Pasaron años desde el día en que María Ester pidió un tiempo. Pasaron tres o cuatro años.
Solo un puñado de llamados para las fiestas, y no mucho más. Cada uno hizo nuevas parejas, pero ninguno de los dos se casó. María Ester se recibió de hematóloga, y Lito llegó a supervisor ―uno de esos que nunca se ríen― cuando se jubiló Chacho.

Un sábado, la mamá de Lito lo despertó diciendo que tenía un llamado de María Ester.
Lito atendió intrigado —algo de la vieja esperanza lo despabiló—. Pero, con pocas palabras, María Ester le contó que estaba buscando donantes de sangre para su madre, y recordaba que él tenía de la preciada cero negativo.
―Claro, María Ester, no hay problema. El lunes, a primera hora, estoy en el sanatorio.
Y así fue que se cruzaron fugazmente en la clínica. Como aquella vez, se saludaron rozando las mejillas. Y, en ese roce, Lito reconoció un viejo perfume.

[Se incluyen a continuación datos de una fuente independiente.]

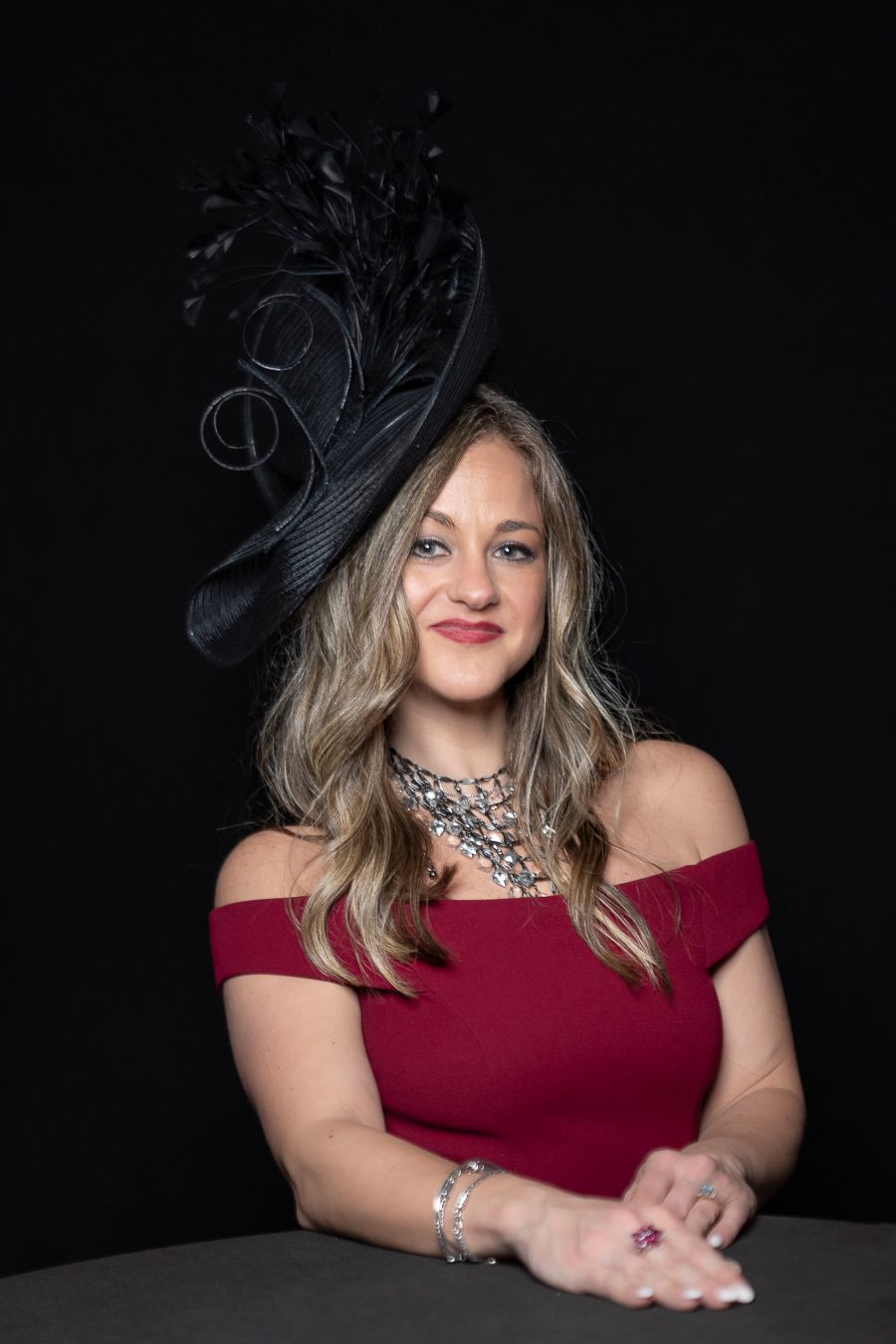 A woman in a burgundy off-shoulder dress and black fascinator poses elegantly against a dark background.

Cuando terminó la extracción, tomó el café con leche con medialunas y se fue para la fábrica. Mientras manejaba, se preguntaba si la llamaría.
Si bien la salud de la exsuegra era suficiente motivo para un llamado o mensaje de texto, no quería que María Ester sospechara una segunda intención. Que no se confundiera. ¿O el confundido era él?
Se descubrió pasándose la mano por el cachete. Y, acercándola a la nariz, intentó retener la fragancia de la colonia de María Ester. Lo recorrió un escalofrío.
Entrando en el estacionamiento de la fábrica, algunos compañeros y operarios rodearon el auto de Lito, que se bajó sin entender. Rápido le explicaron que hacía apenas unos minutos el depósito de materiales había colapsado, y el pesado tabique lateral de su oficina le cayó sobre el escritorio.
Sin dudarlo mas, Lito llamó a María Ester, su heroína.